Human Relations
- Discipline: Management
- Language: English
- Edited by: Nick Turner University of Calgary

Publication details
- History: 1947–present
- Publisher: SAGE Publications in association with the Tavistock Institute of Human Relations
- Frequency: Monthly
- Impact factor: 3.043 (2017)

Standard abbreviations
- ISO 4: Hum. Relat.

Indexing
- CODEN: HUREAA
- ISSN: 0018-7267 (print) 1741-282X (web)
- LCCN: 50057567
- OCLC no.: 1752393

Links
- Journal homepage; Online access; Online archive; Journal page at publisher website;

= Human Relations =

Monthly academic journal

Human Relations is a monthly peer-reviewed academic journal covering research on social relationships in work-related settings. The journal is published by SAGE Publications on behalf of the Tavistock Institute of Human Relations (London).

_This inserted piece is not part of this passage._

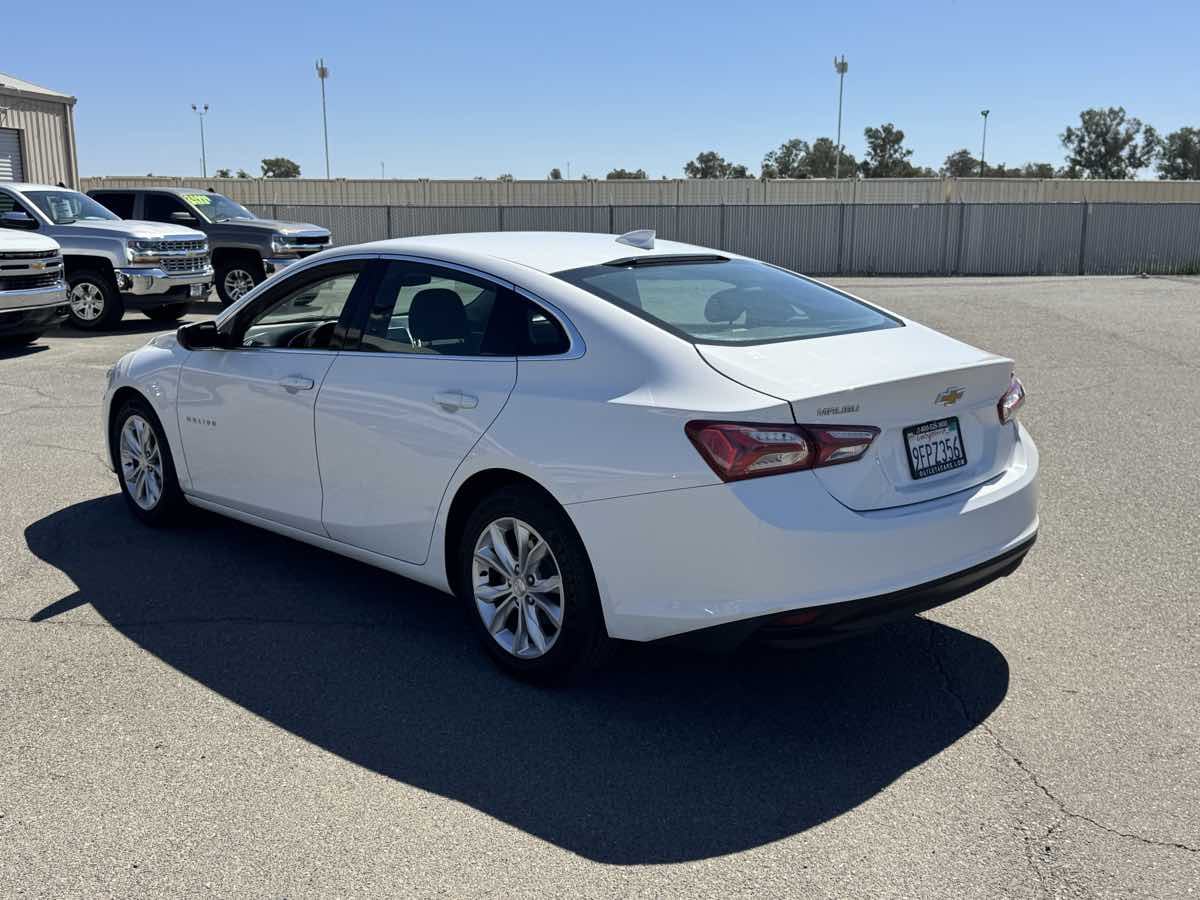 Chevrolet Malibu photo 7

The journal was established in 1947 by the Tavistock Institute and the Research Center for Group Dynamics at the Massachusetts Institute of Technology.

== Abstracting and indexing ==
According to the Journal Citation Reports, the journal has a 2017 impact factor of 3.043, ranking it 4th out of 98 journals in the category "Social Sciences, Interdisciplinary" and 55th out of 902 journals in the category "Management".